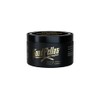 GoodFellas Pomada Original para Cabello de Fijación Media con Base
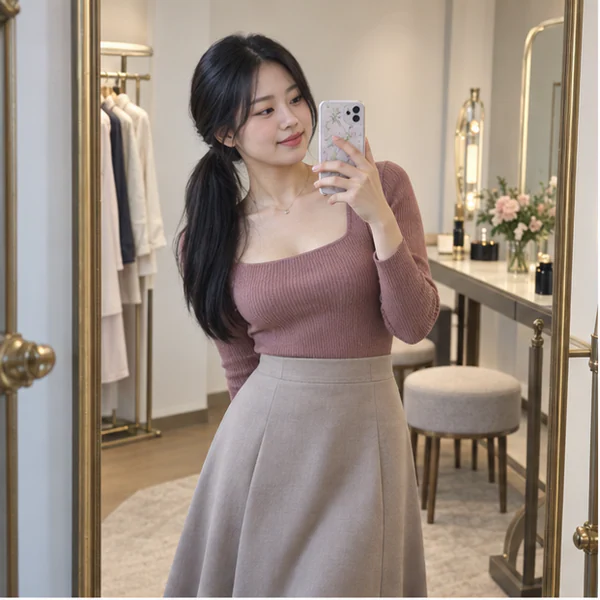 서울 광진 유진 스튜디오 안내 이미지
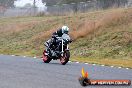 Champions Ride Day Broadford 26 06 2011 Part 1 - SH5_7900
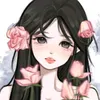 b.nm.ln.cute7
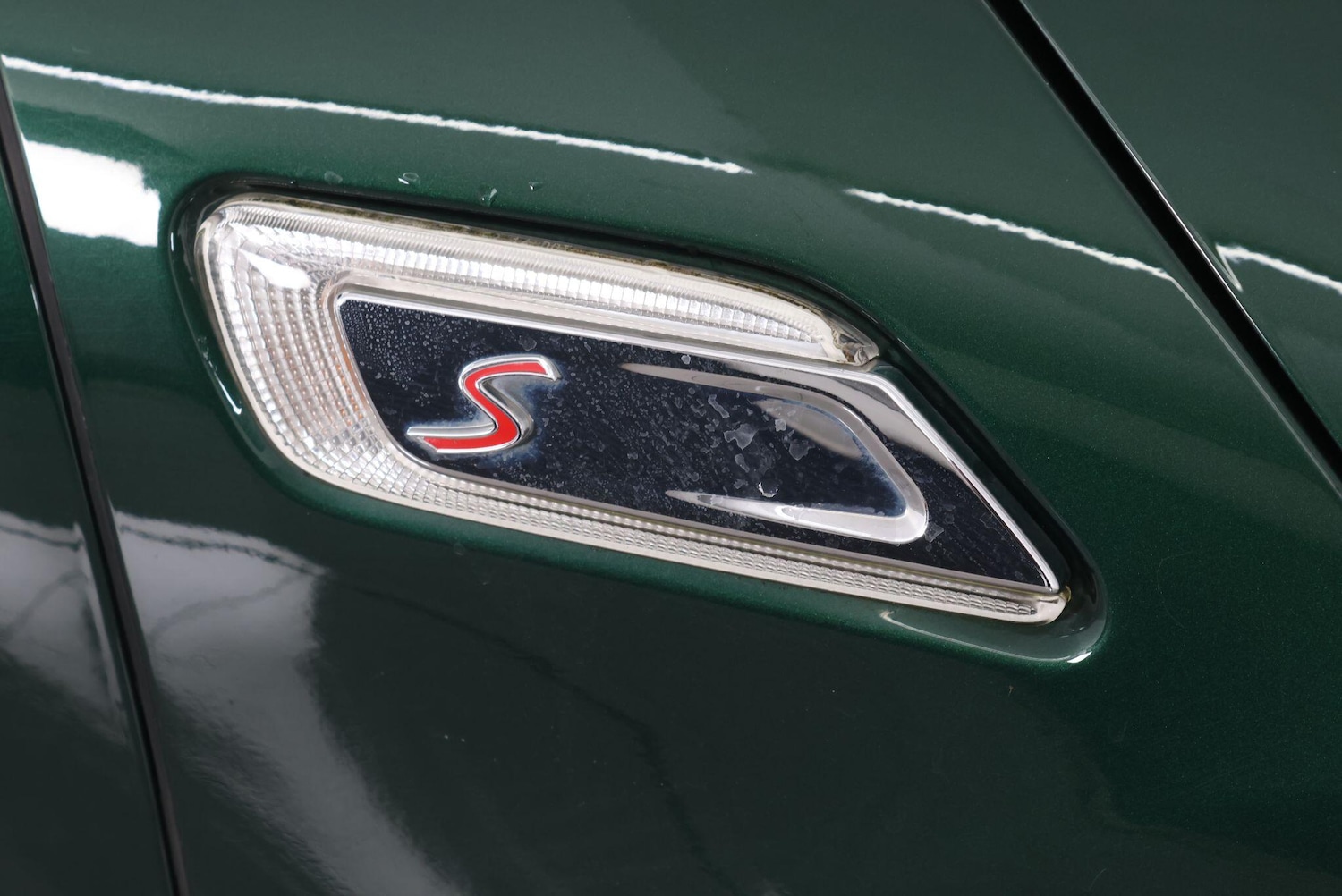 Used MINI Clubman 2018 for sale - 77646940: Photo 62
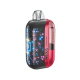 VooPoo Nexa Ultra 50k Puffs Disposable 5%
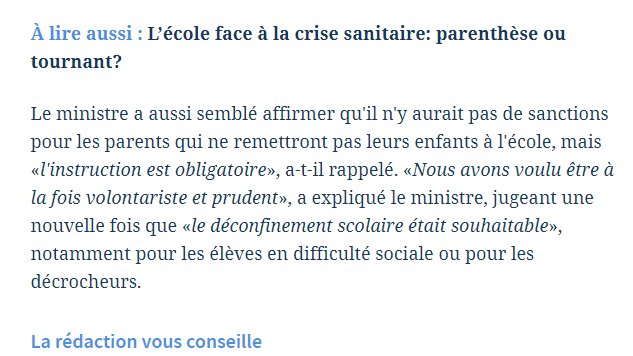 Anarcoluchiste's tweet photo. Devoir de protéger mes enfants passera donc AVANT
Par contre #OnArchive https://t.co/E9RgWES8Wl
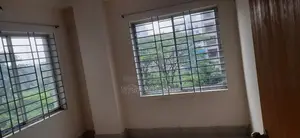 ৩ রুমের ফ্লাট ভাড়া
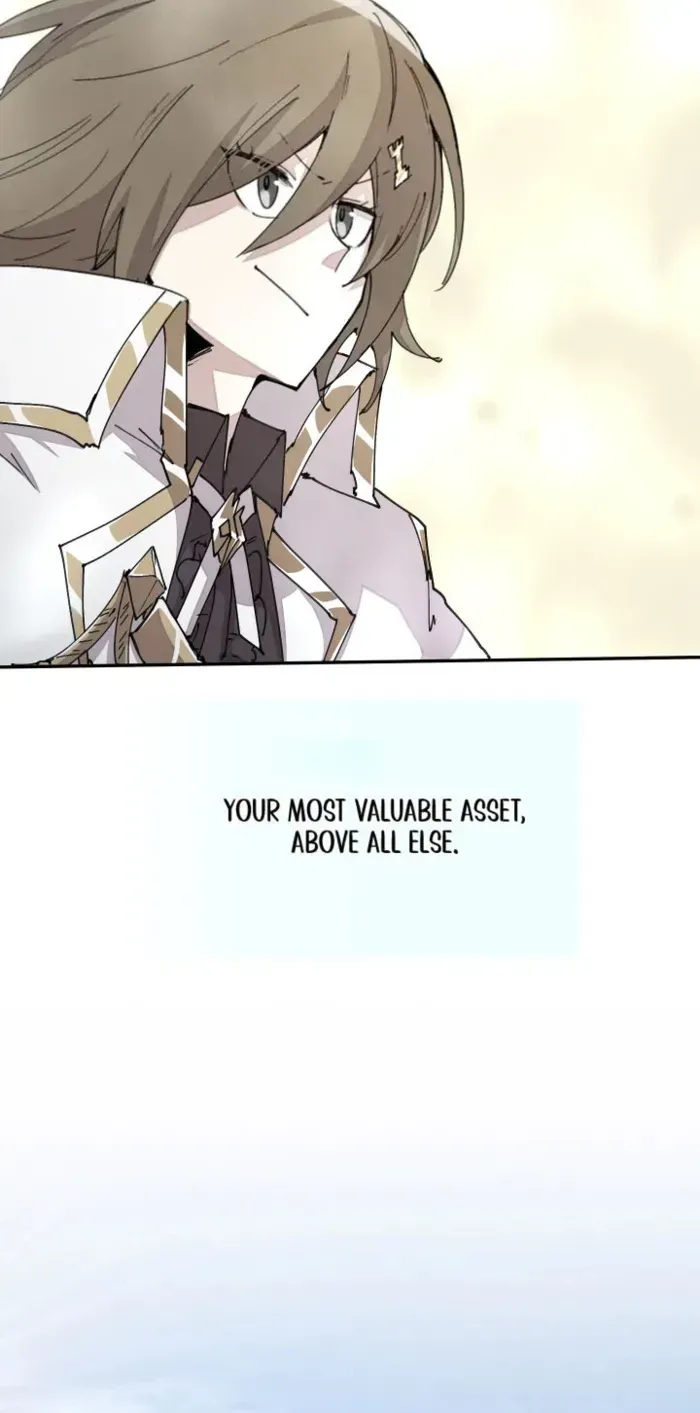 The Rebirth of the Hero’s Party’s Archmage Chapter 64 page 40 -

Assignment:
Would you please write out the entries in full, exactly as they read, but without pictures?

Answer area:
 GoodFellas Pomada Original para Cabello de Fijación Media con Base
 서울 광진 유진 스튜디오 안내 이미지
 Champions Ride Day Broadford 26 06 2011 Part 1 - SH5_7900
 b.nm.ln.cute7
 Used MINI Clubman 2018 for sale - 77646940: Photo 62
 VooPoo Nexa Ultra 50k Puffs Disposable 5%
 Anarcoluchiste's tweet photo. Devoir de protéger mes enfants passera donc AVANT
Par contre #OnArchive https://t.co/E9RgWES8Wl
 ৩ রুমের ফ্লাট ভাড়া
 The Rebirth of the Hero’s Party’s Archmage Chapter 64 page 40 -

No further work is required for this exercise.